----- SUPPLIED DATA

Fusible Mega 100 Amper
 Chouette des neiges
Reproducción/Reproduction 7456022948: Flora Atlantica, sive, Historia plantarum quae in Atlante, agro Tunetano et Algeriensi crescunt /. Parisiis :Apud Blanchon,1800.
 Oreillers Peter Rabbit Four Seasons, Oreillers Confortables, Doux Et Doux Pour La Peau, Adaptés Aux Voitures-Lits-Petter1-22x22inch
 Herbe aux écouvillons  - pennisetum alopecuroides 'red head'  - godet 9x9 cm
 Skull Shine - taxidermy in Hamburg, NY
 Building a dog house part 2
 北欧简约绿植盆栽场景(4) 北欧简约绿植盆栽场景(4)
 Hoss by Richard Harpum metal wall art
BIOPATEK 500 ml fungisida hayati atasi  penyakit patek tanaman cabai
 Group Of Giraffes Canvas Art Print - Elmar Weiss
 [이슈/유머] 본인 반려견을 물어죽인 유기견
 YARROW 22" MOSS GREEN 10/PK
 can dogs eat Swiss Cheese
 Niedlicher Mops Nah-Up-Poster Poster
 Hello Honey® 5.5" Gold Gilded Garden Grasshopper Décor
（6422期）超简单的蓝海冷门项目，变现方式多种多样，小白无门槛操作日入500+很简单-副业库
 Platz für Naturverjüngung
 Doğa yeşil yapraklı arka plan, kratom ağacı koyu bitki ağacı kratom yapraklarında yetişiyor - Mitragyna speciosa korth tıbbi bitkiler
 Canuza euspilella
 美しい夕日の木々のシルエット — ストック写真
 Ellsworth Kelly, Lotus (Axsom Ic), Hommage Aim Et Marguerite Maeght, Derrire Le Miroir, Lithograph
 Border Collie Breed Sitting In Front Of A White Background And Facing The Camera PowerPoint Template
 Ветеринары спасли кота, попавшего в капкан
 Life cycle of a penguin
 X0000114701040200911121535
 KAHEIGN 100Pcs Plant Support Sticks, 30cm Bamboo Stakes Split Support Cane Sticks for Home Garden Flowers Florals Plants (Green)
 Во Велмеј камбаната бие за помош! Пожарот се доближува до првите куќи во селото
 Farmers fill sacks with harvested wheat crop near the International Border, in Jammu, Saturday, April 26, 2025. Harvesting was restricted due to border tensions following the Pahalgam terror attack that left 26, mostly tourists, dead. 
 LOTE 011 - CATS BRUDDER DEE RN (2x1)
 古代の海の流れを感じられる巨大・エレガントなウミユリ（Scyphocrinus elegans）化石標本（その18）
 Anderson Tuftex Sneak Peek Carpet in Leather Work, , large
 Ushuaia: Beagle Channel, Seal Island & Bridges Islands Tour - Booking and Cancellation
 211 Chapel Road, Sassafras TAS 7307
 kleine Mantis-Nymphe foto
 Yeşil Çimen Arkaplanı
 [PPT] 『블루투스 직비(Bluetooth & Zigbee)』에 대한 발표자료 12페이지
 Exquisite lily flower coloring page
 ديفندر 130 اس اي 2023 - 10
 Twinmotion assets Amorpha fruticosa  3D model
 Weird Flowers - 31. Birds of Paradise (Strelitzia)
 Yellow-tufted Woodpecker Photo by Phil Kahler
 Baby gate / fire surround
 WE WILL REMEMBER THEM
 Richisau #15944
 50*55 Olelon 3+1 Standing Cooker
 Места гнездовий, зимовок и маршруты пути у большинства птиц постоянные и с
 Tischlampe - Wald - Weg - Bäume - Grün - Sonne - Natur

----------

- **TASK INSTRUCTIONS**: Of the lines above, retype only those from the line containing "Oreillers Peter Rabbit" through the line containing "BIOPATEK 500 ml", including both, exactly.

- **PROBLEM SOLUTION**:
 Oreillers Peter Rabbit Four Seasons, Oreillers Confortables, Doux Et Doux Pour La Peau, Adaptés Aux Voitures-Lits-Petter1-22x22inch
 Herbe aux écouvillons  - pennisetum alopecuroides 'red head'  - godet 9x9 cm
 Skull Shine - taxidermy in Hamburg, NY
 Building a dog house part 2
 北欧简约绿植盆栽场景(4) 北欧简约绿植盆栽场景(4)
 Hoss by Richard Harpum metal wall art
BIOPATEK 500 ml fungisida hayati atasi  penyakit patek tanaman cabai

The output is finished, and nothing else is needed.